A federal judge in Hartford on Tuesday dismissed Jack Montague’s lawsuit. Details of the agreement were not disclosed. Yale spokesman Thomas Conroy declined to comment.

Lawyers in the case issued a statement saying only that “the parties have resolved the case to their mutual satisfaction.”

Montague sought monetary damages over his February 2016 expulsion. He also sought readmission to Yale, but went on to attend Belmont University in Tennessee.

Montague was expelled after the woman testified before Yale’s Unified Committee on Sexual Misconduct that much of a 2014 sexual encounter with the player was not consensual. No criminal charges were ever brought.

Montague’s lawsuit alleges that the accusations against him were brought by a Title IX officer who coerced the woman to cooperate with the complaint by informing her that Montague had received sensitivity training in another case. His lawyers contend that is a violation of the school’s own confidentiality rules.
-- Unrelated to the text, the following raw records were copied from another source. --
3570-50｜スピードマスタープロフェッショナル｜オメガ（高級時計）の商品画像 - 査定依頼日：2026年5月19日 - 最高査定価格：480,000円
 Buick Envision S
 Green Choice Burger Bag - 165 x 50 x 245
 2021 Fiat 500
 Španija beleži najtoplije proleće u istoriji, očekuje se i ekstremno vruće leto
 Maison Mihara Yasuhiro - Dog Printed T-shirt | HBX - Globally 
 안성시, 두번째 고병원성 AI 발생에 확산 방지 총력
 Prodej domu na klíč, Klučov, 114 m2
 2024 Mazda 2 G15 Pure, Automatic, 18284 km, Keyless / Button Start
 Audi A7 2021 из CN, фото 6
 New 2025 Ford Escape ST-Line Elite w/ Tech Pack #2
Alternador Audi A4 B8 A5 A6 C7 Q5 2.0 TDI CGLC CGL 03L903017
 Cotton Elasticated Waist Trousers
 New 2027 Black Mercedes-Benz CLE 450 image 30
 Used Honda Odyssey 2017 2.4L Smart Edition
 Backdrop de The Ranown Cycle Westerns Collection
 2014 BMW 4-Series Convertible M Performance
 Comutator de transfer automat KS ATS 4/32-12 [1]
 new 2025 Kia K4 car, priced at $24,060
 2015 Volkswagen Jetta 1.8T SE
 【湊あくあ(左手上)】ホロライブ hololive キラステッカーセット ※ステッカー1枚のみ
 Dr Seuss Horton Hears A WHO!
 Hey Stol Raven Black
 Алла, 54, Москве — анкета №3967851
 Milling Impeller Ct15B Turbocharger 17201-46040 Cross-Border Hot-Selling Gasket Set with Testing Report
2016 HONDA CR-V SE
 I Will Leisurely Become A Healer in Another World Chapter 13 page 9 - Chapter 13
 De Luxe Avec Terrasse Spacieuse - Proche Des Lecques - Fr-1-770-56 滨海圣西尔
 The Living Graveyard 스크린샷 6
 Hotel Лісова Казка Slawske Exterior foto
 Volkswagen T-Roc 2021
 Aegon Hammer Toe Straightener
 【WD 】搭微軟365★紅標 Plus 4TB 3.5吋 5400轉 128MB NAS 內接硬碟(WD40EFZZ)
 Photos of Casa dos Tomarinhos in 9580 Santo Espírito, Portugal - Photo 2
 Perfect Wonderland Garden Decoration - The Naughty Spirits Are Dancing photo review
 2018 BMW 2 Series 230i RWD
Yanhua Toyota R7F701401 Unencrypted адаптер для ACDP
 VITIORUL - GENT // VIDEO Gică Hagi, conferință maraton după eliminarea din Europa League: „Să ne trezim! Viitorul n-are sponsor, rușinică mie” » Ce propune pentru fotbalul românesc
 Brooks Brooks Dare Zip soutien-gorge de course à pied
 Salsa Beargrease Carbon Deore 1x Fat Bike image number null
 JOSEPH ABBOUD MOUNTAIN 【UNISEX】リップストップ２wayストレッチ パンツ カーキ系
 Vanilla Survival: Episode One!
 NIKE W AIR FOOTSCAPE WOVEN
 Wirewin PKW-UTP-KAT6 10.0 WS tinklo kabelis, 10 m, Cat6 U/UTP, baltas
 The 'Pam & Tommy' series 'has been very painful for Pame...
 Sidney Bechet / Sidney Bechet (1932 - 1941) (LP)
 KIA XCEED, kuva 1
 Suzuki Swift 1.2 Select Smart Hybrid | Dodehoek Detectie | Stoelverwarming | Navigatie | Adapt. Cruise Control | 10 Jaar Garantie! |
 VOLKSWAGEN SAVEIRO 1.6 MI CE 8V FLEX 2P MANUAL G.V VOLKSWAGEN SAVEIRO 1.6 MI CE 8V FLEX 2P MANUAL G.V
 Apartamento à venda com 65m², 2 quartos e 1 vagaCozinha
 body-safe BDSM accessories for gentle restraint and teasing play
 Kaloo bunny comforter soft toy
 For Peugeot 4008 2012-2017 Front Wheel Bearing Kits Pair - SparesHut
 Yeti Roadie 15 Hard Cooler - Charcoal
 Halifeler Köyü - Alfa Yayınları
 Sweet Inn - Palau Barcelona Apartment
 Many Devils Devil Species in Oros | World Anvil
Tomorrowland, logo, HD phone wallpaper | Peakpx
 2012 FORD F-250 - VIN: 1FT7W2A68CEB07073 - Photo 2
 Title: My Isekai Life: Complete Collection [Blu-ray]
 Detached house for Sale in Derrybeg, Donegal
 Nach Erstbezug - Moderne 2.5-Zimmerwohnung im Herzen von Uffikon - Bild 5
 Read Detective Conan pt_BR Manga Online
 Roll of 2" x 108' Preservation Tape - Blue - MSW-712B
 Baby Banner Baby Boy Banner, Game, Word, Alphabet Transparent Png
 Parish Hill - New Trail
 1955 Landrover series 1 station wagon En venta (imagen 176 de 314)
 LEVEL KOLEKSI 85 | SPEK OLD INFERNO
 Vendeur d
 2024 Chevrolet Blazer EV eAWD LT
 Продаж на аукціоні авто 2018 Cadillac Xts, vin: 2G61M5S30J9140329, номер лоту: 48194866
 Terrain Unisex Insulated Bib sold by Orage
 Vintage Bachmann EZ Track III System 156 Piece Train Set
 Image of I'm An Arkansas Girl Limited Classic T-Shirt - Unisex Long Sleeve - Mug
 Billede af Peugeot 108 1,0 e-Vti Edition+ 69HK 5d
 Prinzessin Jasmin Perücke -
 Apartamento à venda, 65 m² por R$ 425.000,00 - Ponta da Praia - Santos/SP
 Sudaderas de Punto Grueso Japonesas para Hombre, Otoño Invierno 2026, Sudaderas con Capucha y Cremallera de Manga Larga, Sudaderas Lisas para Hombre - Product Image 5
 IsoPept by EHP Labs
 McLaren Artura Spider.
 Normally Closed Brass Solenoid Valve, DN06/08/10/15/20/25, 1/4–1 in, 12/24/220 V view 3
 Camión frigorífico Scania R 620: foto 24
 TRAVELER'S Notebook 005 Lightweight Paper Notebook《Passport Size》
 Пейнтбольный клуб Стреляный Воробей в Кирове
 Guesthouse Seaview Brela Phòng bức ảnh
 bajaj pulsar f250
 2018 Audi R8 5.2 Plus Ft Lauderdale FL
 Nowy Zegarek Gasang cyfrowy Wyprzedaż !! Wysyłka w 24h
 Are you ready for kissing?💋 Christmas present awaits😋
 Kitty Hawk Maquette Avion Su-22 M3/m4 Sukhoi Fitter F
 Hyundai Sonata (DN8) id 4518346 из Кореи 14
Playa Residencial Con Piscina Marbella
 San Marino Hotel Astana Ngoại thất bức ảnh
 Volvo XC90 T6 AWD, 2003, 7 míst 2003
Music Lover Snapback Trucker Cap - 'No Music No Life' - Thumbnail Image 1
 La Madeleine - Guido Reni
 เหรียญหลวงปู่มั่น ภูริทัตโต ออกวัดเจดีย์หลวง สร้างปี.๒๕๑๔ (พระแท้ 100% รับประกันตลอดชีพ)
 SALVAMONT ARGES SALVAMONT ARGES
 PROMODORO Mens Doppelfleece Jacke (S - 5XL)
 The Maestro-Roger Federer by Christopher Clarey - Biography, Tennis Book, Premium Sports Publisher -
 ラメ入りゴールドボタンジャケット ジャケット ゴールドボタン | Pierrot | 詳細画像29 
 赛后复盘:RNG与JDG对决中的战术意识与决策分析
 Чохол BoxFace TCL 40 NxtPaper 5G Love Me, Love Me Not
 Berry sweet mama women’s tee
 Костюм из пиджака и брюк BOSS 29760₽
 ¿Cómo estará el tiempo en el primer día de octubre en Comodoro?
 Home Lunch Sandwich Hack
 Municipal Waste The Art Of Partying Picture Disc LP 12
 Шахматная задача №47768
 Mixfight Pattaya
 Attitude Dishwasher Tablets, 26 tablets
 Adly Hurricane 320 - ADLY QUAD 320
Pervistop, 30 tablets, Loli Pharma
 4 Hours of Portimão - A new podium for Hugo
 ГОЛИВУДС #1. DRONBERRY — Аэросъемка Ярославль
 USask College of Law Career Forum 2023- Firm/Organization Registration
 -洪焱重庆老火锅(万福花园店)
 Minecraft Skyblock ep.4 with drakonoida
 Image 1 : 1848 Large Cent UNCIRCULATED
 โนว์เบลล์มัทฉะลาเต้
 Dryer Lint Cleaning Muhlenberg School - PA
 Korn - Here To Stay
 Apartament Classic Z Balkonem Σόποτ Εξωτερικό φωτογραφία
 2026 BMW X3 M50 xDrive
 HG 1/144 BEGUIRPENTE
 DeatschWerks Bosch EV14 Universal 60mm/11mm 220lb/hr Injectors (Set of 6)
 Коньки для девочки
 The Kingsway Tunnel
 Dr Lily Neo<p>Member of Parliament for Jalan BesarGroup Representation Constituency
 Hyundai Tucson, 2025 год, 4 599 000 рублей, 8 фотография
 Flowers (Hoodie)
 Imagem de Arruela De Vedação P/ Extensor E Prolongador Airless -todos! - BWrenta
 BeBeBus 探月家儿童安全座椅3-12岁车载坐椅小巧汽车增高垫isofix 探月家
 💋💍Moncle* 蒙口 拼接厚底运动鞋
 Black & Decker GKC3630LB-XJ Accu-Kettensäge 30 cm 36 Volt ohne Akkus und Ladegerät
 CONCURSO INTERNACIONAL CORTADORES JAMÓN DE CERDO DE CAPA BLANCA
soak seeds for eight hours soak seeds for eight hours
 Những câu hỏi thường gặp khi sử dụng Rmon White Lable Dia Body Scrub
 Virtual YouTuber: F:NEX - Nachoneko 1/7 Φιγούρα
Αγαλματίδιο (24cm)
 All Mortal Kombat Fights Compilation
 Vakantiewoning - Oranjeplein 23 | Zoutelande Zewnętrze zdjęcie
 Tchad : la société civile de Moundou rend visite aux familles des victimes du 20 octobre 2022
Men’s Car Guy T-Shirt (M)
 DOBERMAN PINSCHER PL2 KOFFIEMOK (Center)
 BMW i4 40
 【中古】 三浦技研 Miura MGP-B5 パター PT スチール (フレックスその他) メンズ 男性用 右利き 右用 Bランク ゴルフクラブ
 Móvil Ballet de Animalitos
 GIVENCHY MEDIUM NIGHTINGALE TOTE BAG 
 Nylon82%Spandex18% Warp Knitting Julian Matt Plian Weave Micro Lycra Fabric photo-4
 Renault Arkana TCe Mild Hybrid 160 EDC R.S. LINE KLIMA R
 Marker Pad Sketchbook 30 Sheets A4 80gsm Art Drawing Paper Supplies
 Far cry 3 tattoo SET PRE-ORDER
That earlier case had involved an argument in which Montague allegedly shoved a folded paper plate down a woman’s top.

Montague also asserted that the woman told Yale that he likely didn’t hear her when she asked him to end the encounter.

Yale’s attorneys have said the woman, identified only as Jane Roe, made it clear that she did not want to have intercourse and that the school and its officials acted appropriately.

Montague also argued that his accuser was allowed to give a lengthy, emotional statement to the committee, while he was denied a similar opportunity.

Because of the expulsion, Montague, a guard, missed the end of his senior season at Yale, which included an Ivy League championship and first ever NCAA Tournament victory for the Bulldogs, a first-round upset of Baylor.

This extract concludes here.